MEN worried about going bald can now FREEZE their hair follicles – in a bid to ward off the inevitable.
The revolutionary new process has just been given the green light in the UK.
It means men can, in theory, preserve their head of hair in a similar way to women preserving their fertility by freezing their eggs.
But, there’s a catch. At this stage, men can only freeze their hair – the next steps, which hope to restore a full hairline have yet to be approved by the official authorities.
And with just freezing your hair follicles priced at £1,700, it could prove a pricey endeavour.
Hair on ice
The procedure, offered by biotech company HairClone, involves men having around 100 hair follicles harvested, before their hairline begins to recede.
From there, the follicles are preserved – plunged into sub-zero temperatures, around -197C, and stored at the firm’s hair follicle bank.
The idea is that years later, when a man starts to notice his hair falling out, he can return to the clinic for treatment.
The client’s samples can be thawed, and then HairClone’s team of scientists can replicate or clone the follicles before injecting them back into a client’s scalp.
It’s the first therapy of it’s kind approved in the UK, and is marketed as an “insurance policy” against ageing.
BUT… firm still needs approval
But, HairClone’s CEO Paul Kemp, told The Sun while they have the green light to freeze hair follicles, they still need official authorisation before they can perform steps two and three.
It means, while men can freeze their hair follicles, they will have to wait before they have have the full treatment.
Mr Kemp said the treatment is still in the earliest stages, and admitted the company still don’t have enough scientific evidence to perform it on people.
He said the theory was designed by studying what happens in androgenic alopecia, the most common cause of hair loss affecting most men and around 40 per cent of women.
We aim to stop the clock on this ageing as soon as possible
Paul Kemp, CEO HairClone
“The hair isn’t actually lost it merely gets finer and shorter until it can’t be easily seen and appears lost,” he said.
“This is caused by the gradual loss of a specialist group of cells at the base of the hair follicle called dermal papilla or DP cells.
“These cells are only lost from follicles in certain regions, which is why there is the classic male pattern baldness.

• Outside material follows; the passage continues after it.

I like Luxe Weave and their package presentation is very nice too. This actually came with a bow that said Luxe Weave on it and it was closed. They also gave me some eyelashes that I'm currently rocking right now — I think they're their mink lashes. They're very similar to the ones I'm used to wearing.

“In hair transplants, hairs from regions not affected are moved to replace those that have become finer and shorter.”
He said as a result men are left with exactly the same number of hairs, they are just moved to different parts of the scalp.
Hopes to make hair lines fuller
The treatment HairClone hopes to one day offer, aims to boost the number of hairs on the head, to make a person’s hairline fuller.

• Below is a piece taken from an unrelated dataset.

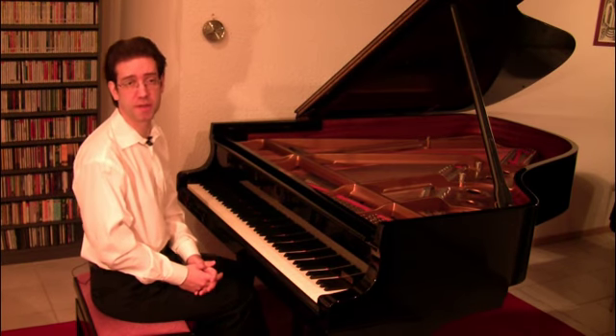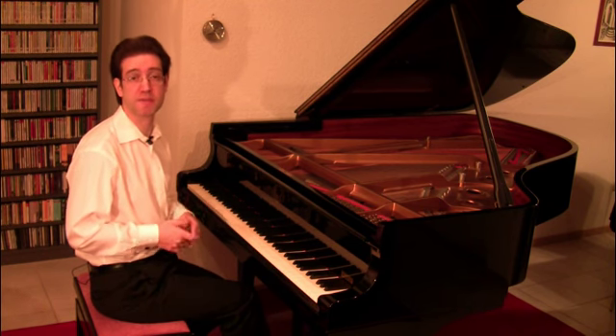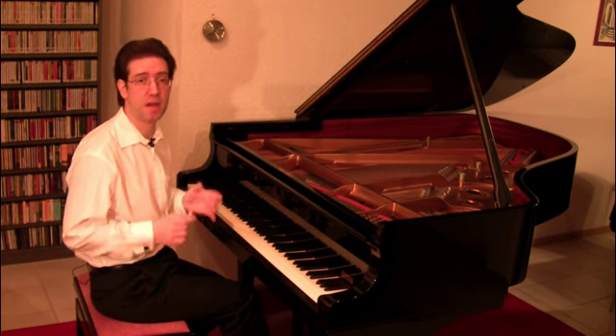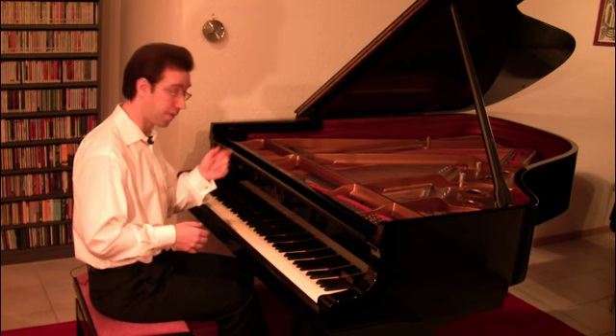The first variation stays pretty much in the style of the Baroque era. And especially in the transitions it resembles the theme itself. In both cases we have 32nd notes serving as an embellishment.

Mr Kemp said: “We expect to have to treat every few years to rebuild those hairs that have miniaturised since the last treatment.
“But from each hair we bank we expect to be able to rebuild a few hundred miniaturising (thinning) hairs.
“We aim to stop the clock on this ageing as soon as possible, plus one surgery would provide enough hairs to produce several treatments over time.”
Mr Kemp said by starting now, clients can store their young hair while the company work to get the approvals needed to start step two.
He said those who put their hair follicles on ice now, will be first in line when the green light is given to start step two.
Banking costs around £1,700, plus the cost of surgery, Mr Kemp explained.
He said they do not yet know how much step two will cost.
Mr Kemp added: “We haven’t received approvals to start the treatment process, so we don’t have a lot of evidence yet.
“However, HairClone is combining a lot of experience in hair transplant surgery with developing cell therapy treatments and we hope to start generating the evidence to support the proposed treatment starting next year.”
Dr Bessam Farjo, the medical director at HairClone and one of the company’s hair restoration surgeons, told Lad Bible: “Now that the licence is in place we’re ready to bank hair for patients.
“Consultations can begin in earnest.
“We are contacted every day by people concerned about hair loss, and who are asking when the banking system will be ready.”